Rio Grande do Sul

SOLIDARIEDADE

‘A arte neste momento pode ser um afeto, um abraço, um respiro e um pouco de alegria para a população que perdeu tudo’

Centena de voluntários tem levado atividades culturais aos abrigos nas regiões atingidas pelas enchentes no estado

Brasil de Fato Porto Alegre |
"É muito difícil levar arte para pessoas que não têm onde morar, que estão desalentadas, mas é preciso preencher as vidas com um pouco de criatividade" - Foto: Arquivo Pessoal

“A Arte, nas suas diferentes formas de expressão, é humanizadora, é curativa. E, nesse momento, mais que nunca, estamos necessitando, todos nós, de muita arte. Levar a Arte aos abrigos é acarinhar nossos irmãos que tanto perderam; é levar um pouco de alegria e leveza, em meio a essa catástrofe que se abateu sobre nós.”

A afirmação é da professora aposentada, escritora, contadora de histórias e mediadora de leitura, Vera Maria Hoffmann, uma das artistas voluntárias da rede solidária. Projeto se formou em São Leopoldo para levar arte as pessoas desalojadas da cidade, em decorrência da maior tragédia climática que se abateu no Rio Grande do Sul. Ela escreve arte em maiúsculo para ressaltar a importância das atividades culturais neste momento

De acordo com o mais recente boletim da Defesa Civil divulgado na manhã desta terça-feira (21), dos 497 municípios gaúchos, 464 foram impactados pelas fortes chuvas e enchentes recentes no estado, afetando 2.339.508 pessoas. Mais de 580 mil estão desalojadas, e 72 mil em abrigos, muitos destes montados em escolas, ginásios. 

“A gente vê muitos ataques nas redes sociais, às vezes opiniões de políticos influentes, que ainda é muito baseado naquela visão equivocada, da ideia da pirâmide das necessidades, de que tem que pensar só na comida, e na sobrevivência e não na arte, na cultura.
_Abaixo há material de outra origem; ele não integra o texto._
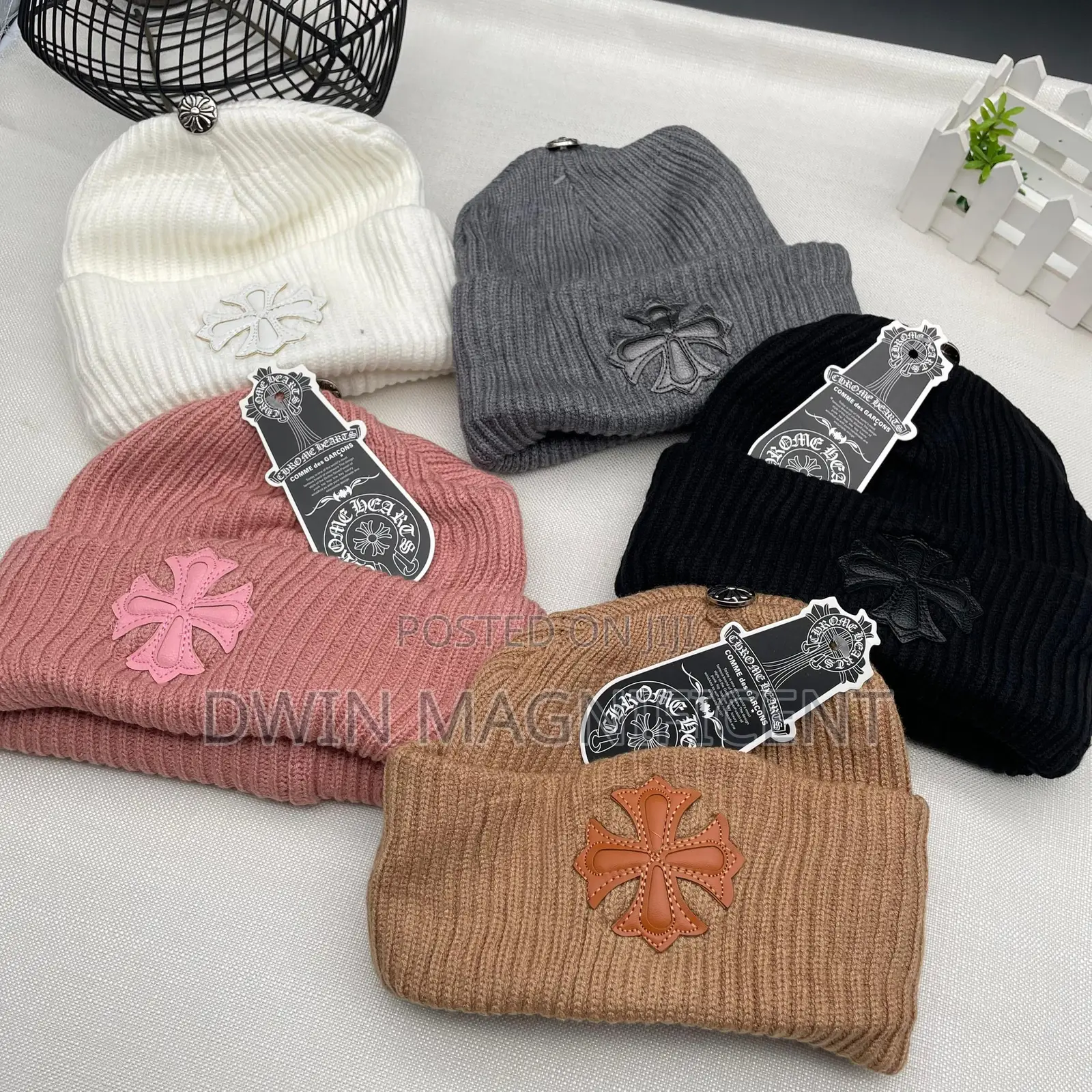 PRADA,CELINE and CHROME HEARTS Beanie Hats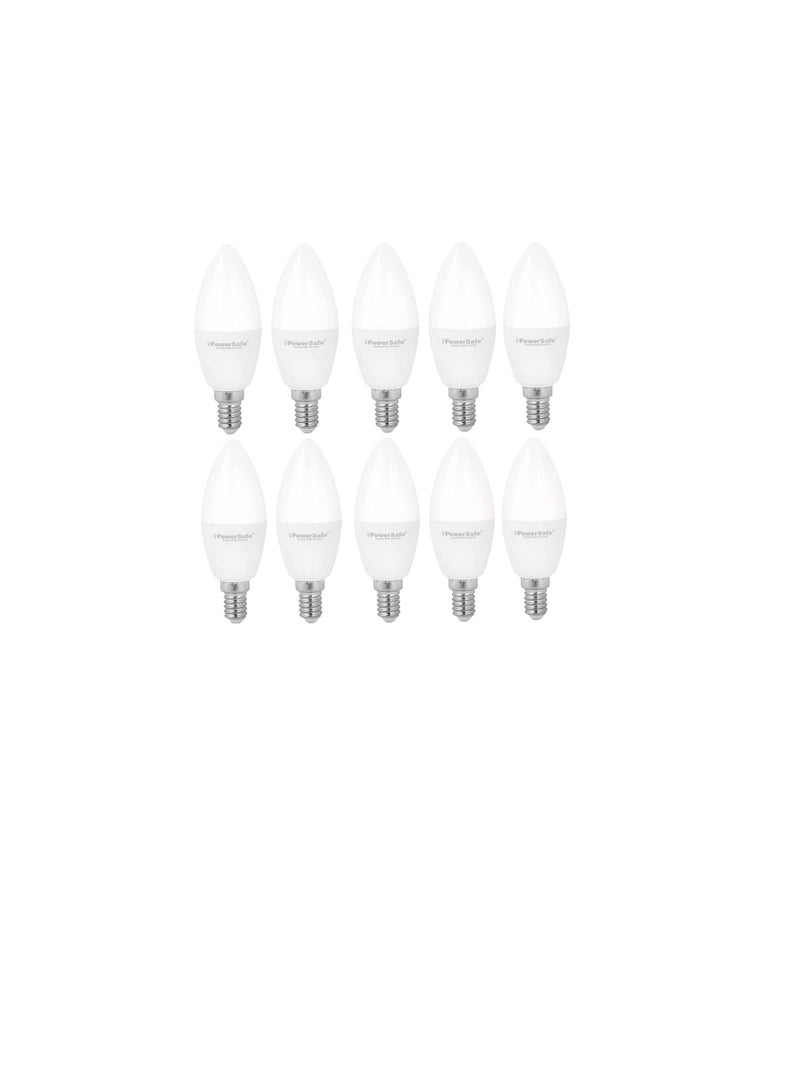PowerSafe Energy Saving 5W LED Bulb E14 Holder with Surge Protection|ESMA Approved Pack of 10 (WARM WHITE) - Image 1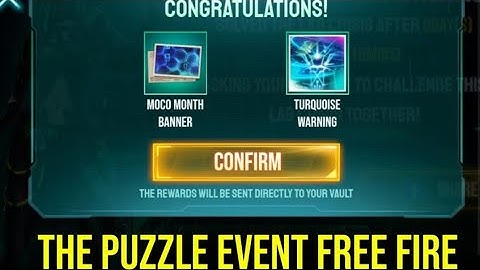 New puzzle event in free fire - how to solve in 2 Minutes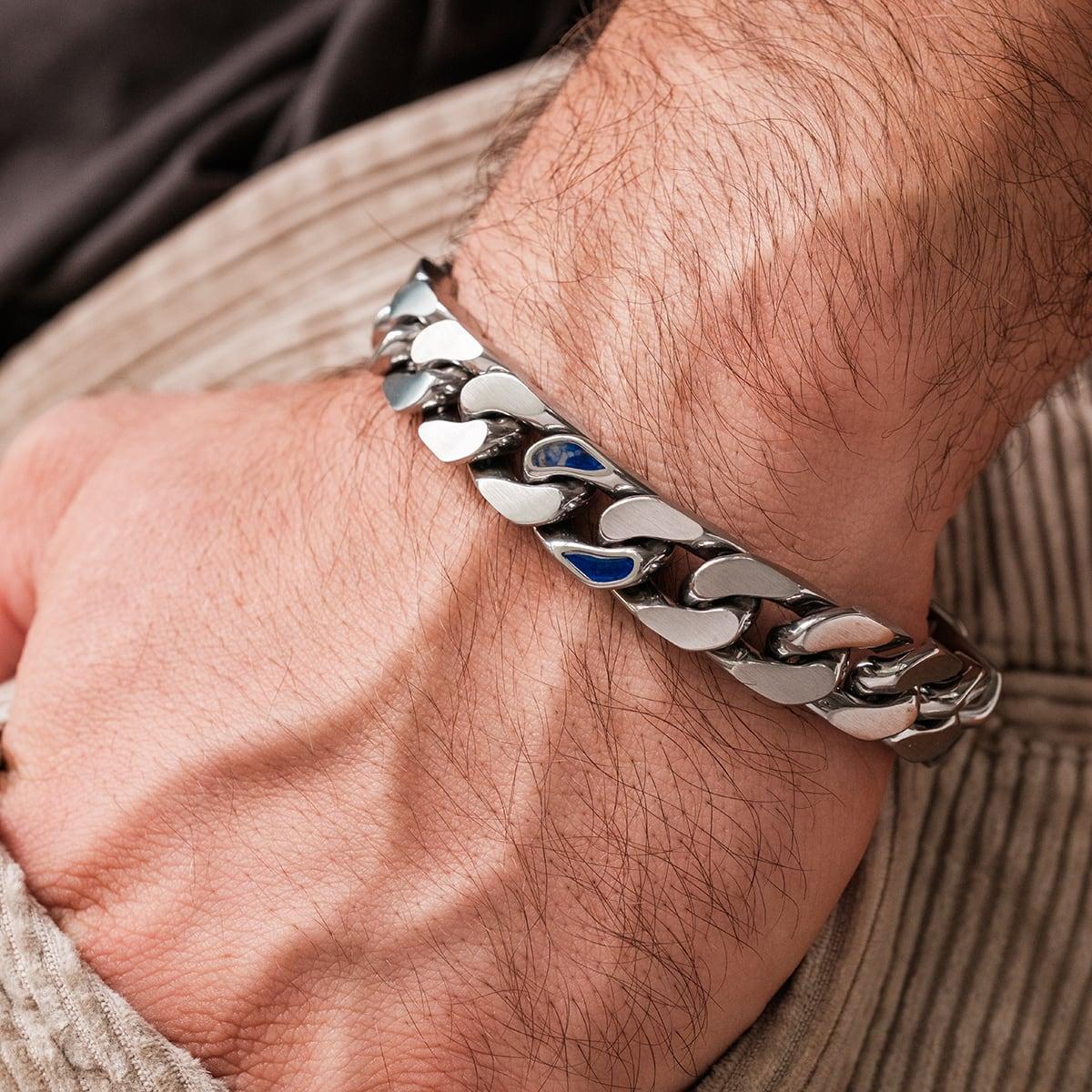 HOLZKERN | Armband Bandlett Bodyguards (Sodalith / Silber)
Ou então uma visão mais nefasta de que a cultura corrompe, doutrina. Duas visões muito nocivas. A gente entende que as necessidades primárias estão sendo atendidas, até certo ponto, com todas as dificuldades. E nesse momento a gente sente na pele, nos abrigos, que vai surgindo uma necessidade de ressignificar o momento, mesmo para as pessoas abrigadas”, afirma o cineasta e historiador da Arte, Giordano Gio, que faz parte da rede Cine Vida, em Porto Alegre.
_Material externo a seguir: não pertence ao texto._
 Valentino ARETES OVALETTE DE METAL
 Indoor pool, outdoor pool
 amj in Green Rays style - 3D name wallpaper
No Centro Vida, todos os dias tem sessão de cinema promovido pelo projeto Cine Vida / Foto: Projeto Cine Vida

Para a cantora e atriz, Aline Lasch Fernandes (Ally), integrante da rede Solidária de São Leopoldo, a arte surge nos abrigos como um respiro para todos. “As pessoas tiveram que sair dos seus lares, estão vivendo em espaços improvisados com carinho pelos voluntários. Mas, ainda assim, o espaço de cada um é apenas um colchão. Não sabem o que vão encontrar quando voltar para casa, como farão para viver depois dessa catástrofe. A arte lembra que, mesmo em meio a todo horror, ainda podemos sorrir e sentir alegria.”
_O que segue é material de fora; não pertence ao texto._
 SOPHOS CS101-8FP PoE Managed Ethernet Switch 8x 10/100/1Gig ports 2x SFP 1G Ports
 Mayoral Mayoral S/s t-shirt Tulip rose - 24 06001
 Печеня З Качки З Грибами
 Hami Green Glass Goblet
Formado em Design Visual e atuando como palhaço, Walter José Diehl, que também integra a rede solidária, complementa ressaltando que as pessoas nos abrigos estão precisando de muitas coisas, e a arte é uma delas. “Mesmo antes das enchentes essas pessoas têm suas necessidades de arte, de cultura, de informação, de educação, de diversos acessos. Essa crise só deixa mais explícita a situação precária de muitas pessoas. É muito difícil levar arte para pessoas que não tem onde morar, que estão desalentadas, mas é preciso preencher as vidas com um pouco de criatividade, de emoção, de alegria, e a arte ajuda nisso.”

Artistas em Rede Solidária 

Criada em 10 de maio, a rede que inicialmente contava com três integrantes, hoje possui mais de cem voluntários, que envolve teatro, circo, dança, música, artes visuais, literatura, entre outros.

A cantora, compositora, produtora cultural e atualmente diretora de Cultura em São Leopoldo, Luisa Gonçalves, conta que vinha pensando desde o início do agravamento da catástrofe se seria o momento certo de começar a levar arte a abrigos em um momento tão desolador. Uma amiga fez a provocação em uma rede social e plantou a semente para o início das atividades culturais. 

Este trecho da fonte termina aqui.